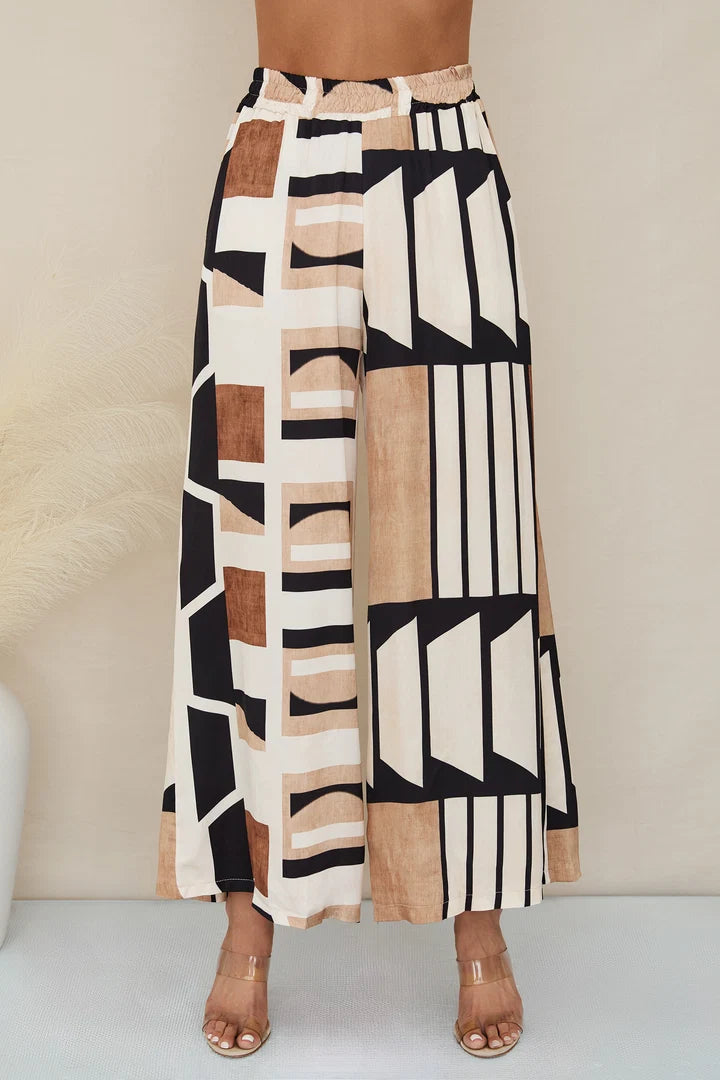 Geometric Multi Color Print Pant with Pockets
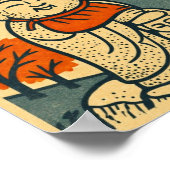 Smiling Jizo Guardian – Japanese Folk Art Poster (Ecke)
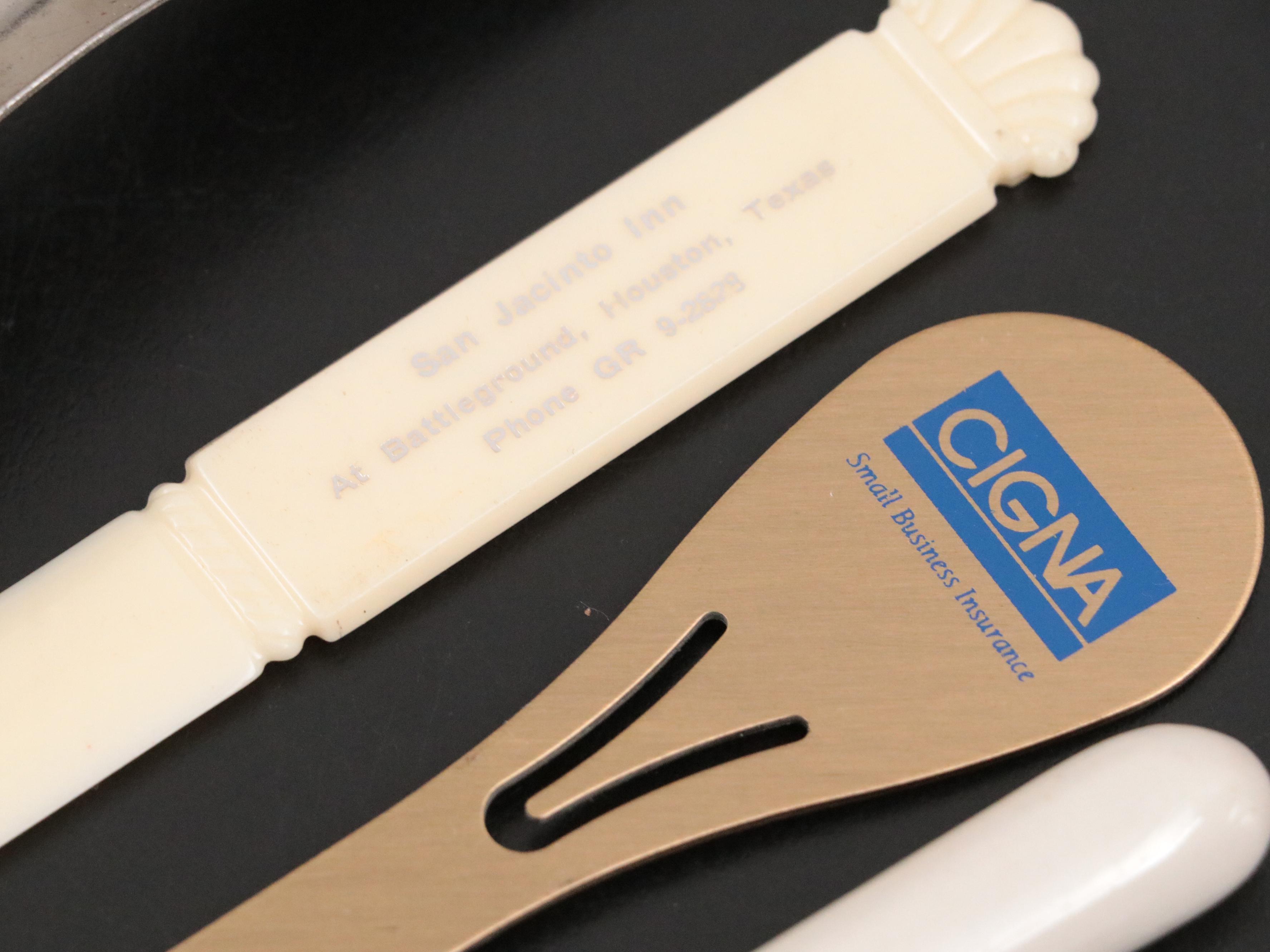 Sterling and Metal Shoe Horns With Assorted Novelty Letter Openers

+--

◆ Aim of the task: An exact copy of the listing is required; return it without any pictures.

◆ Result of the exercise:
 Geometric Multi Color Print Pant with Pockets
 Smiling Jizo Guardian – Japanese Folk Art Poster (Ecke)
 Sterling and Metal Shoe Horns With Assorted Novelty Letter Openers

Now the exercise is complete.